Astros manager Bo Porter allowed Keuchel to go out for the sixth inning, but he would only face one batter before being pulled for Harrell after just 80 pitches.
"I thought Dallas did a great job," Porter said. "After the stressful fifth and the guys they had coming up, I just felt like their at-bats were improving, and it was time to get Lucas in the game."
Keuchel said he could have continued.
"I would have liked to [continue]," Keuchel said. "That's just my mentality. I thought I deserved it. But it's [Porter's] decision, so it is what it is."
Scott got the game-winning hit off Harrell after Wil Myers put himself in scoring position with a single and a stolen base. After the game, Porter defended the pitching change.
"We put Harrell down in the bullpen with the notion that we're going to continue to make sure he's built up with the possibility of going back in the rotation," Porter said. "And I saw that as an opportunity for him to not only get in the game at a good point in their lineup, facing two of their better righties, but also an opportunity to give us extended innings through the rest of the game."
Harrell took the loss and fell to 5-10 after going 1 2/3 innings, giving up a run, two hits and two walks. It was his second relief appearance after being pulled from the rotation.
"When you're called on, you have to go up there and get people out," Harrell said. "It doesn't matter what the situation is, you have to go out there and make the right pitches."
The Astros jumped on Rays starter Roberto Hernandez in the first inning. Carlos Pena, leading off for the first time all season, singled to open the game, but was forced out at second on a Jose Altuve grounder. Altuve advanced to third on Jason Castro's double and scored on an RBI groundout by J.D. Martinez. Brett Wallace made game 3-0 with a 381-foot shot to right field, and for the second game in a row, the Astros had an early lead.
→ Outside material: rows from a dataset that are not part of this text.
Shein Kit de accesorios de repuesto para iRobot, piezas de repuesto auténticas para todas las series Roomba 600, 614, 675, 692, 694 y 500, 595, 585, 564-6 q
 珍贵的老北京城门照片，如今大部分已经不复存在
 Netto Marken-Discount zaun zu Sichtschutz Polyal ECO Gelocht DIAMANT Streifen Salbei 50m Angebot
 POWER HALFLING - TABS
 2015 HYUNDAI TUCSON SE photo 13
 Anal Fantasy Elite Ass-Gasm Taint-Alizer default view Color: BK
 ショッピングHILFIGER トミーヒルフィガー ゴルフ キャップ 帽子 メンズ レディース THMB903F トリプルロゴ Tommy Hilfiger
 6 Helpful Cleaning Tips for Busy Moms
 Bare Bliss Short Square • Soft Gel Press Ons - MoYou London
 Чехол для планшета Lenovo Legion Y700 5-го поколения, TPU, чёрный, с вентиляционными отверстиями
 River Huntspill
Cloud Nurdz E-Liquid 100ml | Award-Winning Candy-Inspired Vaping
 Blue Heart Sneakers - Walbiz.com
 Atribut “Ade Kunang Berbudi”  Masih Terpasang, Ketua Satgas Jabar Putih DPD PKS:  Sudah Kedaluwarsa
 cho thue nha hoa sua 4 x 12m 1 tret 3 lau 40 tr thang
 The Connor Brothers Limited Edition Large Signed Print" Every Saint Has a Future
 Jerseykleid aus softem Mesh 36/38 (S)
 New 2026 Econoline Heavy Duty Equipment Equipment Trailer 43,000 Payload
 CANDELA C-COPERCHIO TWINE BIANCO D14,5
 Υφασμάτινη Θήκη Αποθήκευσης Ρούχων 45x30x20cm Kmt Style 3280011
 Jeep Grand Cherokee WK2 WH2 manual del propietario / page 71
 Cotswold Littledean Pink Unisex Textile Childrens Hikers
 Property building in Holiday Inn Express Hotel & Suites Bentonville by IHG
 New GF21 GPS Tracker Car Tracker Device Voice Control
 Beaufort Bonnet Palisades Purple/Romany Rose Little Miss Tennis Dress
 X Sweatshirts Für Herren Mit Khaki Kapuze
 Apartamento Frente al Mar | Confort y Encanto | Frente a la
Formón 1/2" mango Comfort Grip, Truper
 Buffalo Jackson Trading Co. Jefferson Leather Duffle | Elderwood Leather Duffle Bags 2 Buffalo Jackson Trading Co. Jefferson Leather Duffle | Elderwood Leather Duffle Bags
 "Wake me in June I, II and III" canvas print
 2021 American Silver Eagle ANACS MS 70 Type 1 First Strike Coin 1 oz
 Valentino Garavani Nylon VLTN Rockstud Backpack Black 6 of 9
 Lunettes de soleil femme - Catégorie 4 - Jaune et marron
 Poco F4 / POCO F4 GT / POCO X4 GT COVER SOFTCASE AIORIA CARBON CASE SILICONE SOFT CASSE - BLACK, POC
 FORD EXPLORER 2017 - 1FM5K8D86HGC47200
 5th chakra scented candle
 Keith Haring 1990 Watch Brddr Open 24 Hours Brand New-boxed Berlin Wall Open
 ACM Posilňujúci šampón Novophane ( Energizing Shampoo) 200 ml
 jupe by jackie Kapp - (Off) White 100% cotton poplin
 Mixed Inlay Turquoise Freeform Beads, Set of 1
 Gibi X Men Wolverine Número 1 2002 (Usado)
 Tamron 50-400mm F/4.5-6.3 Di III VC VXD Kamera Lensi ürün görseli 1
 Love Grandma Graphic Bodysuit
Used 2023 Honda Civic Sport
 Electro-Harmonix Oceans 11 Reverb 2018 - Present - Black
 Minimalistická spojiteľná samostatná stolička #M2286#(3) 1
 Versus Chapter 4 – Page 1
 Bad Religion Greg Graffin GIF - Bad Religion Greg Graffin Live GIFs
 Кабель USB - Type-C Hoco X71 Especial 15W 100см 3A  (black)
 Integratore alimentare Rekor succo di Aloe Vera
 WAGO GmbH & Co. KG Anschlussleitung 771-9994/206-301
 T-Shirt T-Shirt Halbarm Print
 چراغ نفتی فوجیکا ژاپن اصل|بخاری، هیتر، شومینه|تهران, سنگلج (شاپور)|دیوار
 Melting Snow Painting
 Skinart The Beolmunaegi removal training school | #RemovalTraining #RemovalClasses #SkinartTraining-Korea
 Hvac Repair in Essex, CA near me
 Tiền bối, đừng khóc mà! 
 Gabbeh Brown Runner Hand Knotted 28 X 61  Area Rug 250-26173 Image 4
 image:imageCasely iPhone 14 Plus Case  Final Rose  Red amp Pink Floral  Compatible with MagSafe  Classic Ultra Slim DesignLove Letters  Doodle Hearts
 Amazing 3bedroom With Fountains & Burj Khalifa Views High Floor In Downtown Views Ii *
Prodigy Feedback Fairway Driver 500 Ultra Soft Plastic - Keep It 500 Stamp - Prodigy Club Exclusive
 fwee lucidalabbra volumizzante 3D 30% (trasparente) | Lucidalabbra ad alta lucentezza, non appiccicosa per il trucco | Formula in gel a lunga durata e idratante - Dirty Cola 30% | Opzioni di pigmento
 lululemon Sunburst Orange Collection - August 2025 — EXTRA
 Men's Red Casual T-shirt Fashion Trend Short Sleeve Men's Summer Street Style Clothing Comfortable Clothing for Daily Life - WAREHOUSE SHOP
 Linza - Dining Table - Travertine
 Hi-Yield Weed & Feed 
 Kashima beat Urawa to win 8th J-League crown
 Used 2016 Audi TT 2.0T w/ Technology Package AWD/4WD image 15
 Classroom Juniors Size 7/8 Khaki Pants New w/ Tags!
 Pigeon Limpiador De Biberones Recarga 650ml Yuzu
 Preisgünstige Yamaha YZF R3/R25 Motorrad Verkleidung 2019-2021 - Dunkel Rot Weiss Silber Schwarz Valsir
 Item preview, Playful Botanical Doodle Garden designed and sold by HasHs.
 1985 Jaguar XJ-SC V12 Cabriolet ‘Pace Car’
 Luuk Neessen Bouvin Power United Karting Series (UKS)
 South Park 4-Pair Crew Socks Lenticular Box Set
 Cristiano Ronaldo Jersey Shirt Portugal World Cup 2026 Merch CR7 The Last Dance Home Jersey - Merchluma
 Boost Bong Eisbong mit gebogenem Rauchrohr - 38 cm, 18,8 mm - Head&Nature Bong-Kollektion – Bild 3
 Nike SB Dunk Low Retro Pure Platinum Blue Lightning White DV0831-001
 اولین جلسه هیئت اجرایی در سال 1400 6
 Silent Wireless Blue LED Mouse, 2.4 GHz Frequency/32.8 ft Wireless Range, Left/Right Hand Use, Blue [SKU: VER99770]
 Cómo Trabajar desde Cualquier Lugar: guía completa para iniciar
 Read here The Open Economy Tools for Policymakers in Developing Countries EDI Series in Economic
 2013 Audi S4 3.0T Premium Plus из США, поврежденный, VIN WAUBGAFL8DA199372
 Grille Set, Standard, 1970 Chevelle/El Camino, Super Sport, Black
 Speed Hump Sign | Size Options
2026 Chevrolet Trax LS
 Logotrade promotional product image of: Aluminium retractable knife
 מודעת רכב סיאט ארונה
However, Hernandez (5-10) would settle down and keep the Astros off the board for the remainder of his outing. He went six innings, giving up three earned runs on six hits and striking out six on 93 pitches to earn the win.
"Obviously, [Hernandez] got better, and I thought his last inning might have been his best," said Maddon. "His fastball actually got better. He was just assertive, and he did not want to come out of the game."
The Rays bullpen was solid, as Jake McGee, Joel Peralta and Fernando Rodney combined for three innings of no-hit ball and four strikeouts. Rodney picked up his 22nd save of the year.
Astros outfielder Justin Maxwell, who returned to the starting lineup for the first time since June 25, hit a two-out double in the first inning, but struck out in his other two plate appearances. The Astros struck out 10 times total and did not have a runner advance past first base after the first inning.